Welcome to Synnax Lab! In this tutorial, I'll guide you through the entire process—from setting up your account to making your first submission. Let's go! 🚀

# Creating Account

## Step: 1 Navigate to Synnax App

Let's go to [Synnax App](https://synnax.app/) and click on the **LOG IN** button.

![Synnax App image](https://synnax-ai.github.io/synnax-lab-sdk/tutorials/img/step_1.png)

## Step 2: Sign up for Synnax App

Synnax allows you to sign up/log in with a wallet or an email. Sign up using either option and finish the sign up process. This will register you in the Synnax App, which is currently open for everyone. It allows registered users to view the credit intelligence for the companies Synnax features. To become a contributor proceed to Step 3.

![Login Options](https://synnax-ai.github.io/synnax-lab-sdk/tutorials/img/step_2.png)


## Step 3: Become a contributor

Apply for Synnax Lab membership as a Data Scientist. In the Synnax Lab section click **EARN WITH SYNNAX LAB** button.

![Signup Options](https://synnax-ai.github.io/synnax-lab-sdk/tutorials/img/step_3.png)

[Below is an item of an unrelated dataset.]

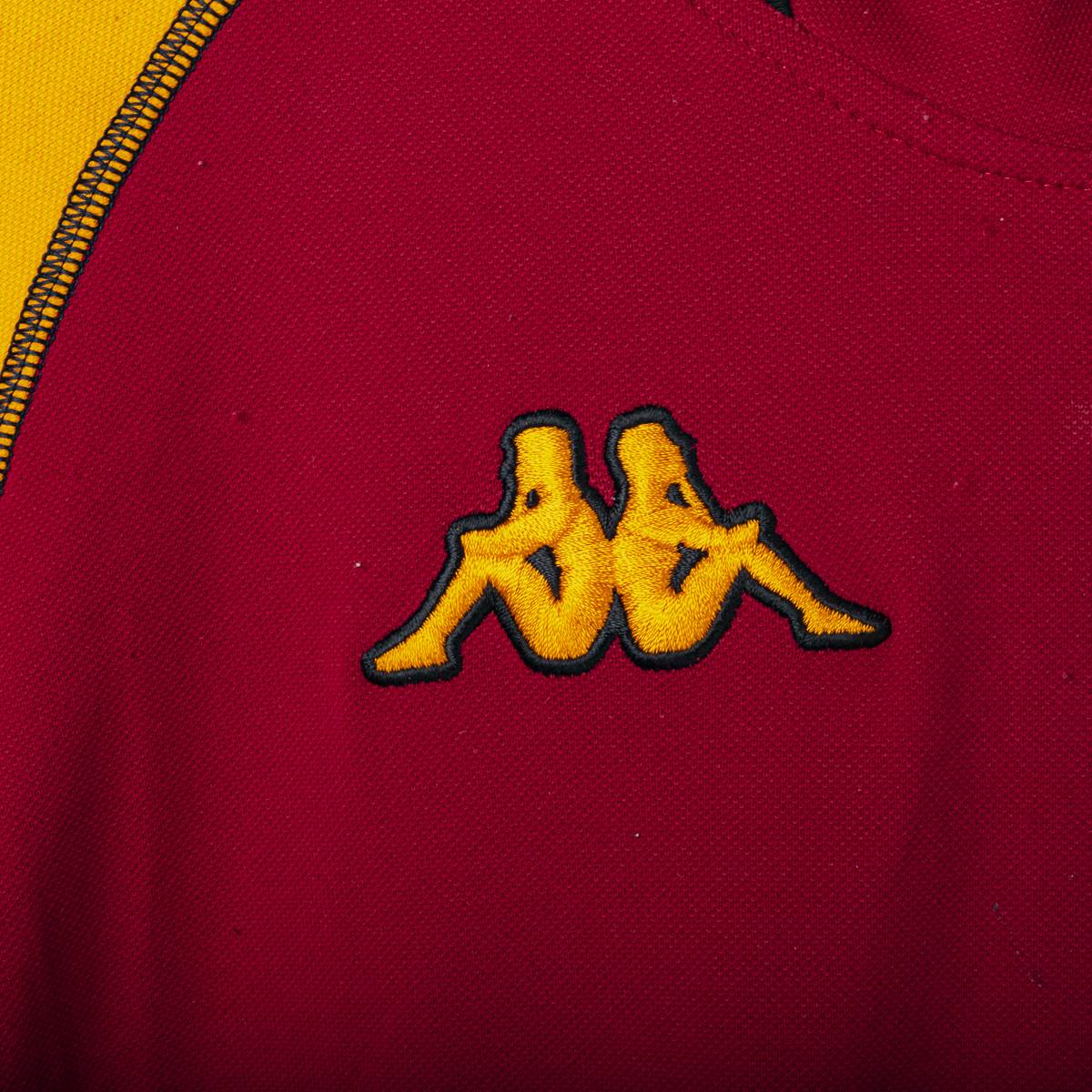 Maglia Uefa As Roma Kappa 2002/2003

### 3.1 Fill out the form and click Join

We give preference to applications who fill in their **real names and agree to participate in a short introductory video call**.

![Signup Form](https://synnax-ai.github.io/synnax-lab-sdk/tutorials/img/step_3.1.png)

## Step 4: Get application approval

Your application will be processed in the order when it was received. We are approving 3 applications per week after a short 15 minute introductory video call with each applicant. Typical wait time for interview scheduling is 1-2 weeks.

## Step 5: Create a New API Key

In the **API Keys** section, click on **NEW API KEY** to generate a new key.

![API Keys](https://synnax-ai.github.io/synnax-lab-sdk/tutorials/img/step_5.png)


## Step 6: Name Your Key

Give your API key a name, click each checkbox and **CREATE** to finalize the process.

![Name and Create API Key](https://synnax-ai.github.io/synnax-lab-sdk/tutorials/img/step_6.png)


## Step 7: Copy Your API Key

Once your API key is created, **copy** it immediately. This key will not be available after closing the modal.

![Copy API Key](https://synnax-ai.github.io/synnax-lab-sdk/tutorials/img/step_7.png)

🙏 You have successfully created your account and obtained an API key for Synnax Lab.  

💪 Now, roll up your sleeves, get your hands dirty, and make some magic happen!

# Data Science Meets Finance: Let’s Get Coding!

## Installing SDK

To make your journey from fetching data to submitting predictions as smooth as possible, Synnax Lab has created an SDK that's as effortless as a Sunday morning. Let’s install it and get started!

In [11]:
!pip install synnax-lab-sdk

## Imports

In [None]:
# Importing necessary libraries
import time
import pandas as pd
from sklearn.preprocessing import LabelEncoder
from sklearn.multioutput import MultiOutputRegressor
from lightgbm import LGBMRegressor

# Importing Synnax Lab SDK Client
from synnax_lab_sdk.client import SynnaxLabClient

## Fetching Datasets

Below script will create a synnax-lab folder in the current working directory where all the downloaded datasets will be stored.
`files` object is a dictionary with files names and their respective paths. User can download training data including or excluding the optional macroeconomical datasets.

In [None]:
synnax_lab_client = SynnaxLabClient(api_key = "your_api_key")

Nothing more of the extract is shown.